# Script to match a Spotify song with a Youtube video

* Data needs to be in CSV format
* Artist represents a list of all the artists contributing to that song
* In this example I use the video matching to get the view count

In [None]:
from __future__ import print_function    # (at top of module)
import warnings
#warnings.filterwarnings('always')
from spotipy.oauth2 import SpotifyClientCredentials
import json
import spotipy
import time
import sys
import csv
import pandas as pd
import numpy as np
import matplotlib
import matplotlib.pyplot as plt
% matplotlib inline
plt.rcParams['figure.figsize'] = [10, 10]
from matplotlib.pyplot import figure
import math
import seaborn as sns
import config
import requests
import urllib

fileName = "google_cleaned_data.csv"

In [None]:
data = pd.read_csv(fileName ,encoding='utf-8')
data = data.drop_duplicates(subset=['song_id'], keep='first')
#data = data.drop_duplicates(subset=['song_title'], keep='first')
# delete all rows with column 'Age' has value 30 to 40 
#indexNames = data[ (data['popularity'] < 50) | (data['total_no_streams'] < 1000000) ].index
#data.drop(indexNames , inplace=True)
print("Number of entries in original data after cleaning: " + str(len(data.index)))

In [None]:
# DEBUGGING : print statements are commented out

# Build the query from the data
temp_query = ""
youtube_view_counts = []
youtube_video_titles = []
total_data_length = str(len(data.index))
cur_index = 1

# For each row in the dataframe
for index, row in data.iterrows():
    
    # Progress indicator
    print(cur_index, "/", total_data_length)
    cur_index += 1
    
    # Build the query as song_title + artists (from the Spotify API)
    temp_query += row['song_title'].replace(',', "") + " " + row['artist'].replace('[', "").replace(']', "").replace(',', "")
    
    #print("===============")
    #print(temp_query)
    
    params_for_query = {"part": "snippet",
                        "maxResults": 5,
                        "order": "relevance",
                        "pageToken": "",
                        "q": temp_query,
                        "key": config.youtube_client_secret,
                        "type": "video",
                        }
    url1 = "https://www.googleapis.com/youtube/v3/search"
    
    # Get top 5 video results ordered by relevance
    # TODO: Still some matching problems - how to get the most relevant video with the most views from official sources?
    page_query = requests.request(method="get", url=url1, params=params_for_query)
    j_results_query = json.loads(page_query.text)
    
    #print("QUERY ============================")
    
    max_viewcount = 0
    max_viewcount_title = ""
    
    # Iterate through the first 5 results to find the relevant video with most views
    for item in j_results_query['items']:
    
        
        #print("Video title: ", item['snippet']['title'])
        
        # Video title of a video to match the query string
        video_title = item['snippet']['title']

        
        #print("Video id: ", item['id']['videoId'])
        
        # Get the video ID of a video to match the query string
        video_id = item['id']['videoId']

        # Next, using this video ID we need to get the view count of that video
        params_for_stats = {"part": "statistics",
                            "id": video_id,
                            "key": config.youtube_client_secret,
                           }
        url2 = "https://www.googleapis.com/youtube/v3/videos"
        page_stats = requests.request(method="get", url=url2, params=params_for_stats)
        j_results_stats = json.loads(page_stats.text)

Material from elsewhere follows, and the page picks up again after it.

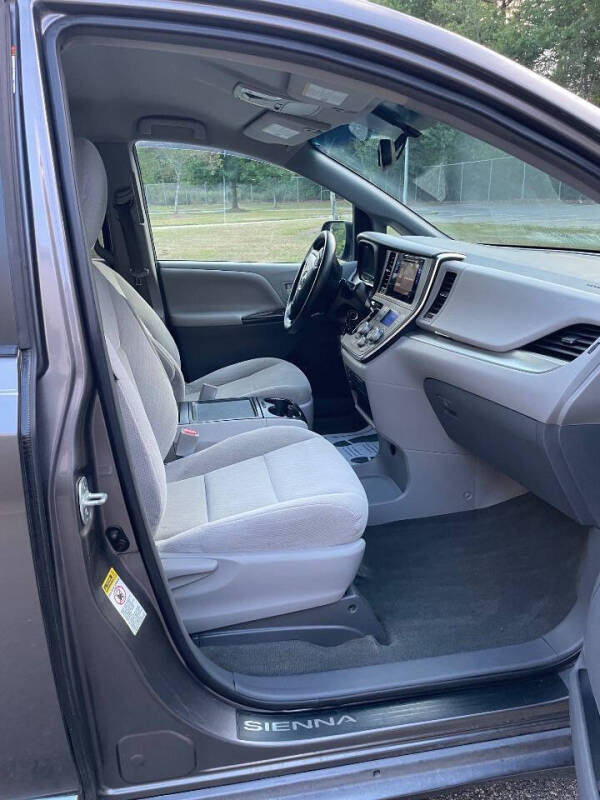 2017 Toyota Sienna LE 8-Passenger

        # Check if problem with retrieving statistics
        if 'items' in j_results_stats:
            
            #print("Video view count: ", j_results_stats['items'][0]['statistics']['viewCount'])
            
            # Get the view count
            view_count  = j_results_stats['items'][0]['statistics']['viewCount']
            
            # This is my hacky matching condition
            # The video we want to match to our spotify song has to be the version of the song with the most views
            # BUT we also need to make sure that it is the same song
            # The .split() gets rid of some useless parts in a song title from spotify such as this
            # e.g. Spotify title = "Eastside (feat. Elton John)" - > "Eastside"
            # e.g. If we want the matching song for "Ariana Grande - thank u, next" and the results from the YT API are 
            #           1. "Ariana Grande - thank u, next (1 million views)"
            #           2. "Ariana Grande - breathin (5 million views)"
            # We would be tempted to just take the one with more views but in fact we need to double check so we only update the max
            # if the string "thank u, next" is also in the youtube video title
            # Hope this makes sense :) 
            if int(view_count) > max_viewcount and row['song_title'].split('(', 1)[0].split('-', 1)[0].rstrip().lower() in video_title.lower():
                max_viewcount = int(view_count)
                max_viewcount_title = video_title
            
    #print("CHOICE IS: ", max_viewcount_title, " ---- ", max_viewcount)
    
    # Keep the counts in a list
    youtube_view_counts.append(int(max_viewcount))
    
    #Keep titles in a list
    # Commas in the title would interefere with the CSV format so we get rid of them, also [] because they are list notation
    youtube_video_titles.append(max_viewcount_title.replace(",", "").replace('[','(').replace(']', ')'))
    
    temp_query = ""
    
# Add the two new columns to the data
data['youtube_view_count'] = youtube_view_counts
data['youtube_video_title'] = youtube_video_titles

print()
print("Done getting data.")

In [None]:
data.to_csv("data_try_algo_nn.csv", encoding="utf-8", header=True, index=False)